Analysis of Forecast Error Growth in Atmospheric Multiscale Lorenz Systems

In classical low‑dimensional chaotic systems, small initial‑condition errors grow exponentially on average in the tangent‑linear regime, with a rate set by the leading Lyapunov exponent, before entering a nonlinear regime in which the growth follows a quadratic law and saturates at a finite error amplitude. In systems with coupled temporal and spatial scales, the growth of initial‑condition errors is scale‑dependent and is most appropriately described by a power‑law behavior. We demonstrate how the parameters of the power law are linked to the intrinsic properties of individual scales and to the coupling between them.

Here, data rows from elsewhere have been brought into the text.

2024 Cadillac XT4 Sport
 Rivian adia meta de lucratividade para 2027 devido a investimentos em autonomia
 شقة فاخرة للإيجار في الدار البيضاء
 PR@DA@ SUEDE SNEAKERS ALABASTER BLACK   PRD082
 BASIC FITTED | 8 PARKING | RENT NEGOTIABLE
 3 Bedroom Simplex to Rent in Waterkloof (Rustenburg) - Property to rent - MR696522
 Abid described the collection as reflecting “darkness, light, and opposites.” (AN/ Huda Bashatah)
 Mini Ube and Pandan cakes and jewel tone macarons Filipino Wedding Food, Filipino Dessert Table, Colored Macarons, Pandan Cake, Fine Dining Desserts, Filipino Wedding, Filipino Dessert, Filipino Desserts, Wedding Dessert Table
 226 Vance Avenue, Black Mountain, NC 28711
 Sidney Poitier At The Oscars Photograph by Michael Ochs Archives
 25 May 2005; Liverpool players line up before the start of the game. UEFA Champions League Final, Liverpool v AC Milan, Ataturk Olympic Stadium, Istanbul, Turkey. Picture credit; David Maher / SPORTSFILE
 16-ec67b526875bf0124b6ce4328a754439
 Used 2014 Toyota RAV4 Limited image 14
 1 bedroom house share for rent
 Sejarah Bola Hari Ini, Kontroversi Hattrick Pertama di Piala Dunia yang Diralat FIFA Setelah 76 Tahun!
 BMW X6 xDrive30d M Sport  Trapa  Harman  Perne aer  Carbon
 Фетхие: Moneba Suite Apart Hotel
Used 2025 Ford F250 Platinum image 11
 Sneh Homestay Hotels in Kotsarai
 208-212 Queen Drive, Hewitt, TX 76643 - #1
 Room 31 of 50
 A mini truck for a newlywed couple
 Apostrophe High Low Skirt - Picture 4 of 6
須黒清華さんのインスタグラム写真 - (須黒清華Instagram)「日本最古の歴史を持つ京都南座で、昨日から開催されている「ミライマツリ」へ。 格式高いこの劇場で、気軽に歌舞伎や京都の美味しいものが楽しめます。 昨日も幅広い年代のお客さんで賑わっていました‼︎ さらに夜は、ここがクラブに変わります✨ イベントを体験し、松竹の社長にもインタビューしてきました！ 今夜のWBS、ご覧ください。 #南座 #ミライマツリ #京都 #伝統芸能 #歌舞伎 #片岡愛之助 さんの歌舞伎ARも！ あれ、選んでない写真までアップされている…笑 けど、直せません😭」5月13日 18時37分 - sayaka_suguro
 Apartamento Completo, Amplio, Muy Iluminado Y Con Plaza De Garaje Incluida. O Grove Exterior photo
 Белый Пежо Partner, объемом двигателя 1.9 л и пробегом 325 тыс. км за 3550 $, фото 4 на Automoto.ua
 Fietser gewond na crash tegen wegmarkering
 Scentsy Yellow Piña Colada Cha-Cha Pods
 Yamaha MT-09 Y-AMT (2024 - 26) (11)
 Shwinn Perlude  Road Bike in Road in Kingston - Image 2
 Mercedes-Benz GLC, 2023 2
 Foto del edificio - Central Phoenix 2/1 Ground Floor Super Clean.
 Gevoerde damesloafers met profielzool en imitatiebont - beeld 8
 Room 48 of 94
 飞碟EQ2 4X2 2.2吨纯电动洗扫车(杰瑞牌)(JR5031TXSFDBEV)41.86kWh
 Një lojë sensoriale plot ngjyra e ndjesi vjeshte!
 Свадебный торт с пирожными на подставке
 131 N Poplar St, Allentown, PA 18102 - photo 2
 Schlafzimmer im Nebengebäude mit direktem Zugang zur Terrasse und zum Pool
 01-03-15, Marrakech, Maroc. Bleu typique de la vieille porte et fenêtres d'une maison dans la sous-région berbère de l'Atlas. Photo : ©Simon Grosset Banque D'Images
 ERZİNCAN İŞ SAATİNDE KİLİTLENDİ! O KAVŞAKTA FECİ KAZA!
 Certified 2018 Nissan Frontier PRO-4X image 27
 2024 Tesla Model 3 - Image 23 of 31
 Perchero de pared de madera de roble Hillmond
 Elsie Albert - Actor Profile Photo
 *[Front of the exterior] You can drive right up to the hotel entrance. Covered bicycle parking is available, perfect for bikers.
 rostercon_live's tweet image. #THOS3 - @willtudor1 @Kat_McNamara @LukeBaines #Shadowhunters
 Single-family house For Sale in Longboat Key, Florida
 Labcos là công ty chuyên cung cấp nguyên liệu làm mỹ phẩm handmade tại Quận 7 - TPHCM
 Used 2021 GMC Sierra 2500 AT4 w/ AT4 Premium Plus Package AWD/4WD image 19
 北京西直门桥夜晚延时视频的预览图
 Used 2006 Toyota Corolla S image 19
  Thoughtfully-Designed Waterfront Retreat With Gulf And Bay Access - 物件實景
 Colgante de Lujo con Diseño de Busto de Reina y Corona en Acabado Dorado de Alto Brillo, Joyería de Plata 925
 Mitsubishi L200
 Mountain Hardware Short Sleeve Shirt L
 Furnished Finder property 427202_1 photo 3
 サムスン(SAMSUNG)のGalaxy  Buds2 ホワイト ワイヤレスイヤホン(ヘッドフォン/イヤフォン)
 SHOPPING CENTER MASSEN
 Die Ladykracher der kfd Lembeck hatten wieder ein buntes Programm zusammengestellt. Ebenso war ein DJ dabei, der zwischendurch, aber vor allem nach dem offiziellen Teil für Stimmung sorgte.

In systems where the model does not perfectly represent reality due to the omission of small temporal and spatial scales, the mean growth of model error (in the absence of initial‑condition error) can be approximated by a quadratic law with an additional parameter characterizing model error. To describe this process, we extend Orrell’s definition of drift by interpreting its generation at each time step, within our hypothesis, as an effective initial‑condition error that evolves according to classical chaotic growth. Based on this hypothesis, we explain the values of the parameters governing the model‑error growth law. The interpretations of the parameters and the underlying hypotheses are tested using multiscale atmospheric Lorenz systems.